Terceirizacao-Licitude
Criada automaticamente pelo pipeline IA em 2026-05-19
TERCEIRIZAÇÃO. ATIVIDADE-FIM. LICITUDE. ADPF Nº 324 DO STF
É lícita a terceirização de toda e qualquer atividade, meio ou fim, independentemente do objeto social das empresas envolvidas, não se configurando relação de emprego entre a contratante e o empregado da contratada, conforme tese vinculante fixada pelo STF na ADPF 324 e no RE 958.252/MG (Tema 725); constatada a desconformidade do acórdão regional com essa jurisprudência pacífica, impõe-se o provimento dos recursos de revista para afastar o vínculo de emprego reconhecido diretamente com a tomadora de serviços e julgar improcedente a ação.
Licitude da Terceirização. Atividade-Fim. Ação Rescisória.

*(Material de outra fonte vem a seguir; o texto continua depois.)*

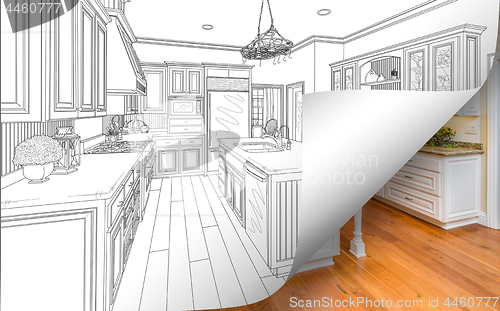 Image of Kitchen Drawing Page Corner Flipping with Photo Behind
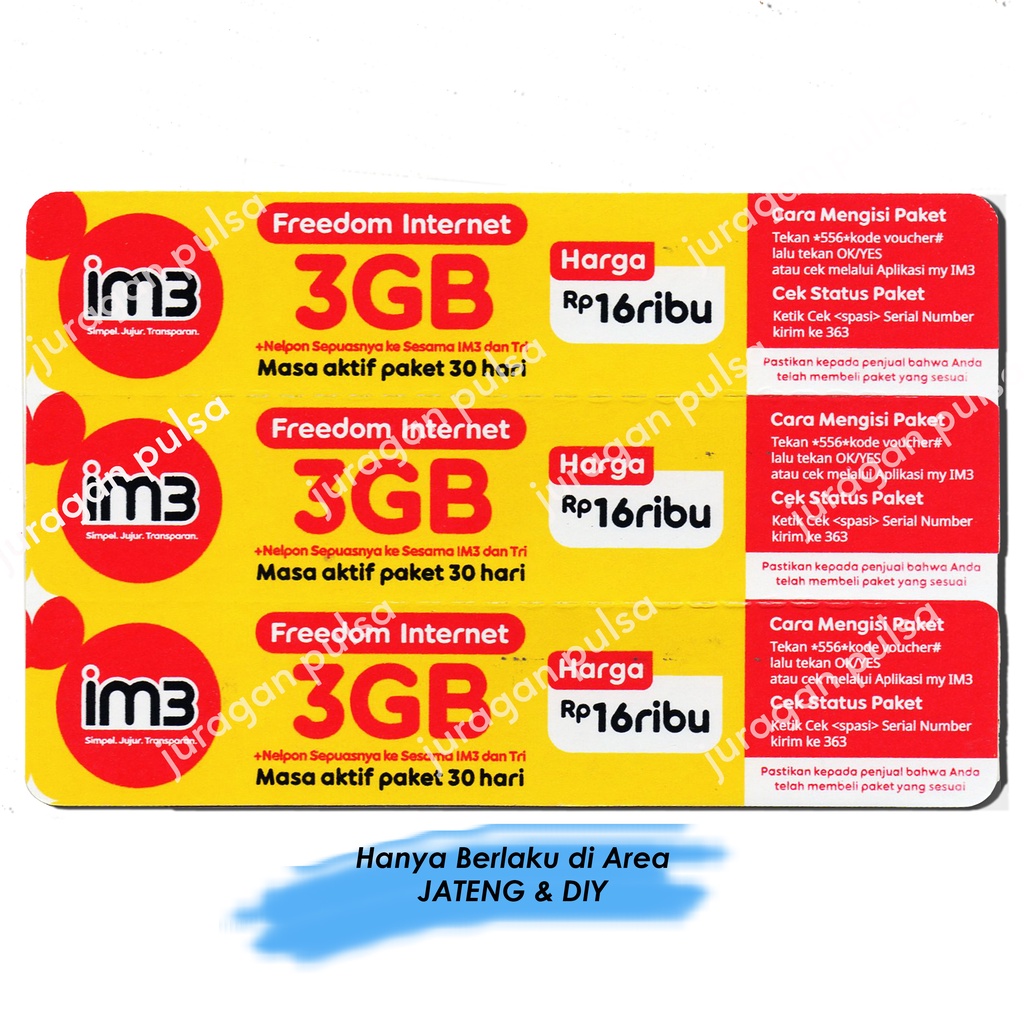 VOUCHER INDOSAT 3GB 30HARI(JATENG&DIY)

Proteção da Liberdade de Desenho Empresarial
É lícita a terceirização de toda e qualquer atividade, meio ou fim, independentemente do objeto social das empresas envolvidas (Tema 725/STF), sendo inaplicável o óbice da Súmula 83/TST (Súmula 343/STF) em matéria constitucional; ausente modulação temporal dos efeitos do julgamento, impõe-se a desconstituição da decisão rescindenda que contrariou o entendimento vinculante do STF ao declarar ilícita a terceirização de atividade-fim.
TERCEIRIZAÇÃO. ATIVIDADE-FIM. LICITUDE. ADMINISTRAÇÃO PÚBLICA. RESPONSABILIDADE SOLIDÁRIA
É lícita a terceirização de toda e qualquer atividade, meio ou fim, independentemente do objeto social das empresas envolvidas, conforme teses vinculantes do STF (ADPF 324 e RE 958.252/MG); inexistindo distinguishing, afasta-se o vínculo de emprego, a responsabilidade solidária e a isonomia da OJ 383/SBDI-1. A responsabilidade subsidiária do ente público tomador somente prevalece quando comprovada culpa específica na fiscalização contratual (ADC 16, Temas 246 e 1.118), cujo ônus incumbe à parte autora; fundá-la na suposta ilicitude da terceirização implica presunção de culpa e inversão indevida do ônus probatório.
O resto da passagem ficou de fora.